Inhaltszusammenfassung:
Eine lange prodromale Phase ist typisch für das IPS, das zu den häufigsten neurologischen Erkrankungen der Welt gehört. Die klinische Diagnose kann durch typische motorische Symptomatik oftmals erst gestellt werden, wenn 50-60% der dopaminergen Neurone der Substantia nigra zerstört sind. Besonders im Hinblick auf die mögliche Entwicklung neuroprotektiver Substanzen in der Zukunft nimmt die Bedeutung einer frühzeitigen Diagnose zur günstigen Beeinflussung des Krankheitsverlaufs immer weiter zu.
Vor allem REM-Schlafstörung, Hyposmie und Depression / depressive Phasen zeigen einen Zusammenhang mit gehäuftem Auftreten eines IPS und können deshalb als Prodromalmarker gelten.
In dieser Arbeit wurde mittels eines hochsensitiven Drucksensor Q-Motor (MINI-40, ATI Industrial Automation, Apex, NC, USA) die Feinmotorik der unteren Extremität mittels Fuß-Tapping untersucht. Hierfür wurden die Kohorten mit Prodromalmarkern untereinander und mit der Kontroll-Kohorte sowie der IPS-Kohorte verglichen. Die Probanden wurden aufgefordert, so schnell und so gleichmäßig wie möglich zu tappen. Ausgewertet wurden jeweils Parameter für Geschwindigkeit: IPI mean (die Zeit zwischen den jeweils größten Ausschlägen als Marker für die Schnelligkeit), IPI SD (die Standardabweichung der Zeit zwischen den jeweils größten Ausschlägen und somit ein Marker für die Rhythmizität) und Parameter für Kraft: TF mean (die Kraft, die für den jeweiligen Tap aufgewendet wurde) und TF CoV (der Änderungskoeffizient der aufgebrachten Kraft (TF) und somit ein Marker für die Gleichmäßigkeit des Kraftaufwands).
Eine signifikant langsamere Tapping-Geschwindigkeit der IPS-Kohorte oder bei Kohorten mit Prodromalmarkern, möglicherweise hinweisend auf eine (subtile) Akinese, konnte in dieser Arbeit nicht dargestellt werden. Auch ergaben sich keine Auffälligkeiten in Bezug auf die aufgewendete Kraft der Bewegung.
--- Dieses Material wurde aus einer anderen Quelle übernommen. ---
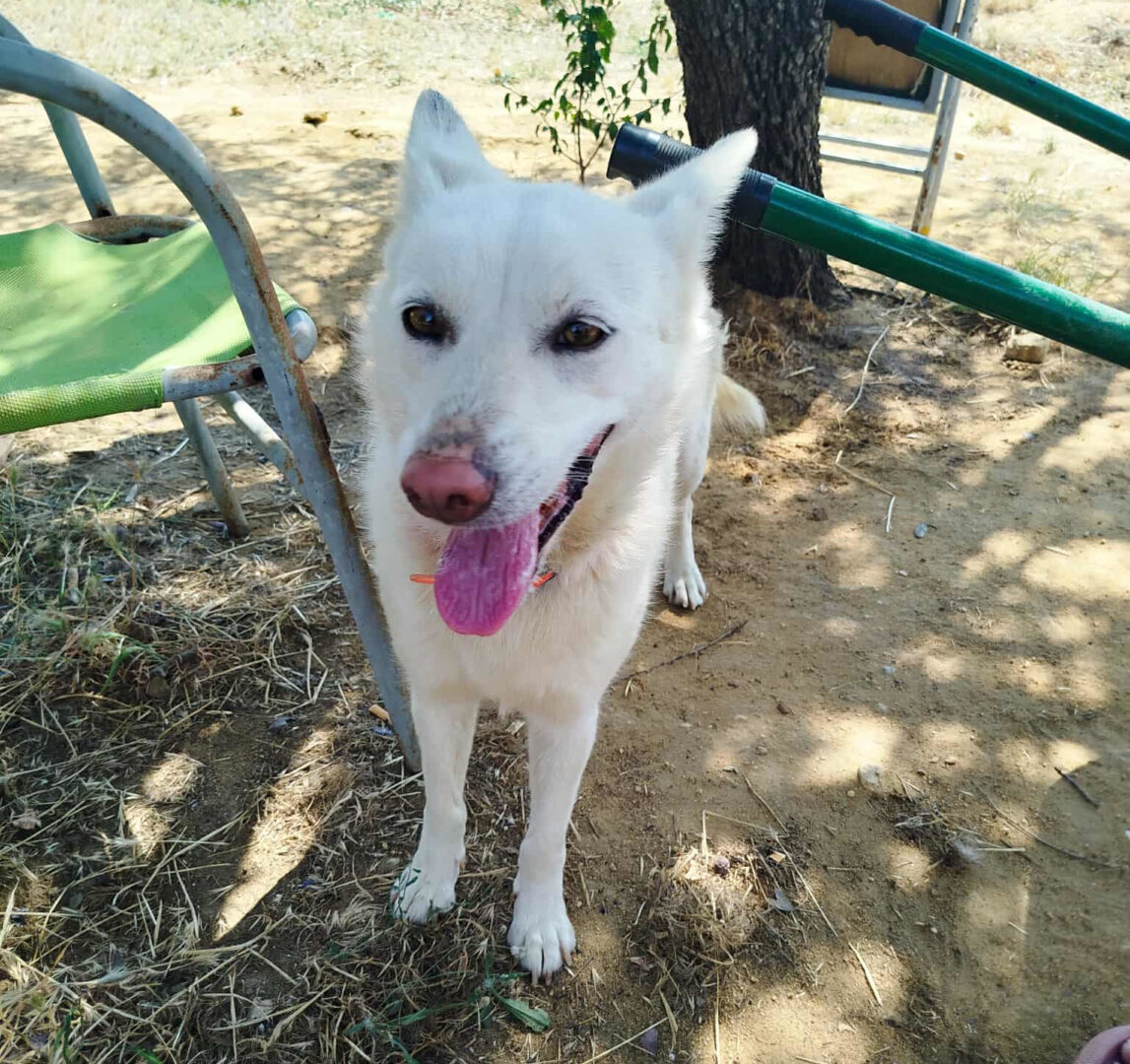Ekavi Zorro Dogsavior Jul25 1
Im Gegensatz dazu lieferten die Berechnungen interessante Daten bezüglich der Rhythmizität des Tappings (IPI SD). Vorrangig die Hyposmie-Kohorte und die Hyp/RBD-Kohorten tappten signifikant unregelmäßiger als die Kontroll-Kohorte. Innerhalb der Lateralitätsuntersuchungen konnte bei der Hyp/RBD-Kohorte ein höherer Seitenunterschied in der Schnelligkeit und auch der Gleichmäßigkeit des Tappens festgestellt werden.
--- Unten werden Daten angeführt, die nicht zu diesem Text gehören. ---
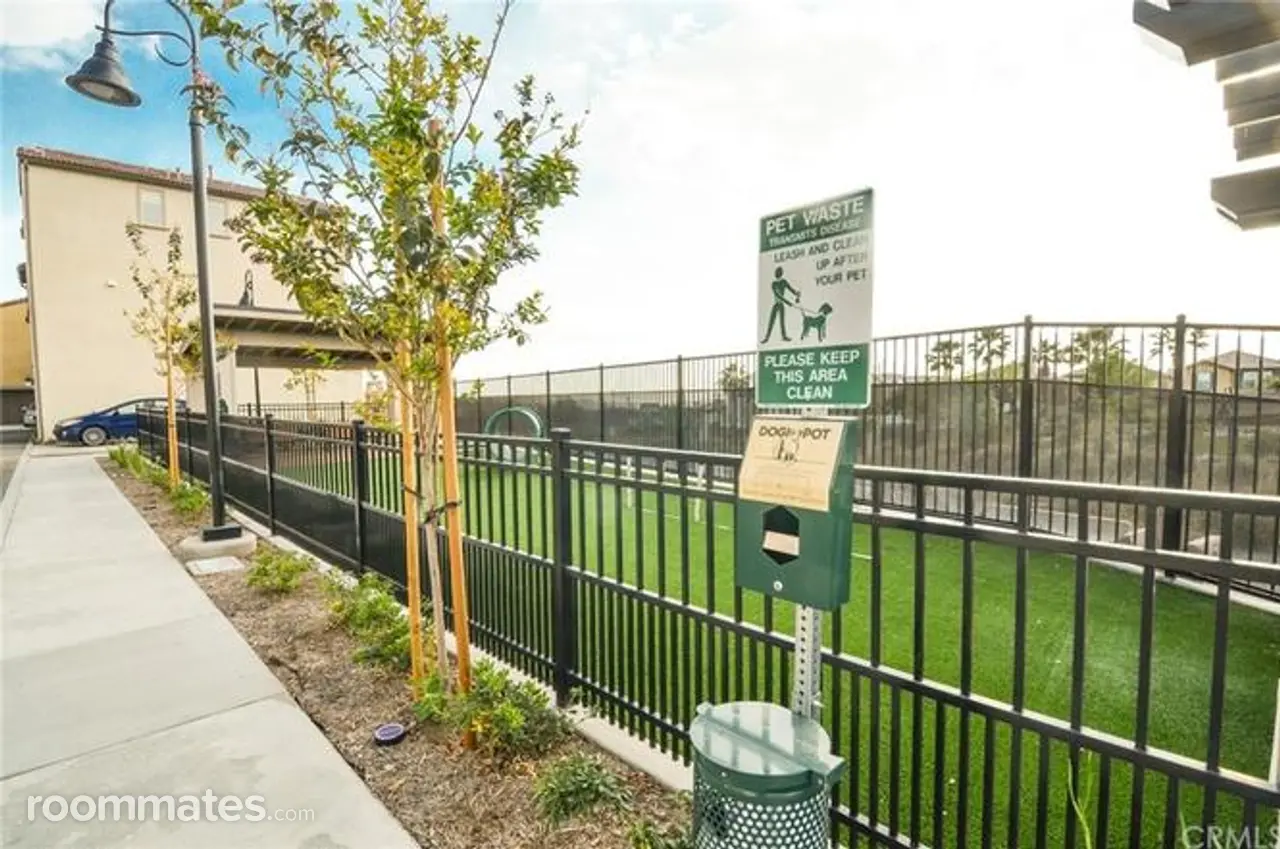 Profile photo 4 of 11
Somit zeigte sowohl die Hyposmie-Kohorte, als auch die Hyp/RBD-Kohorte die größten Auffälligkeiten in der Feinmotorik der unteren Extremität und einen größeren Seitenunterschied im Vergleich zu Kontrollen. Es ist davon auszugehen, dass nicht nur die Anzahl der Prodromalmarker, sondern auch die spezifische Art der Prodromalmarker (hier v.a. Hyposmie und RBD) von Bedeutung ist.
In zukünftigen Studien sollte daher ein besonderes Augenmerk auf Personen mit Hyposmie und RBD gelegt werden. Sie würden sich möglicherweise im Rahmen von Prodromal-Kohorten für eine Erfassung von Progression mittels Fuß-Tapping in diesem Stadium eignen. Auch scheint die Variabilität in Bewegungsabläufen ein vielversprechender Marker für weitere Untersuchungen in Kohorten mit Prodromalmarkern zu sein.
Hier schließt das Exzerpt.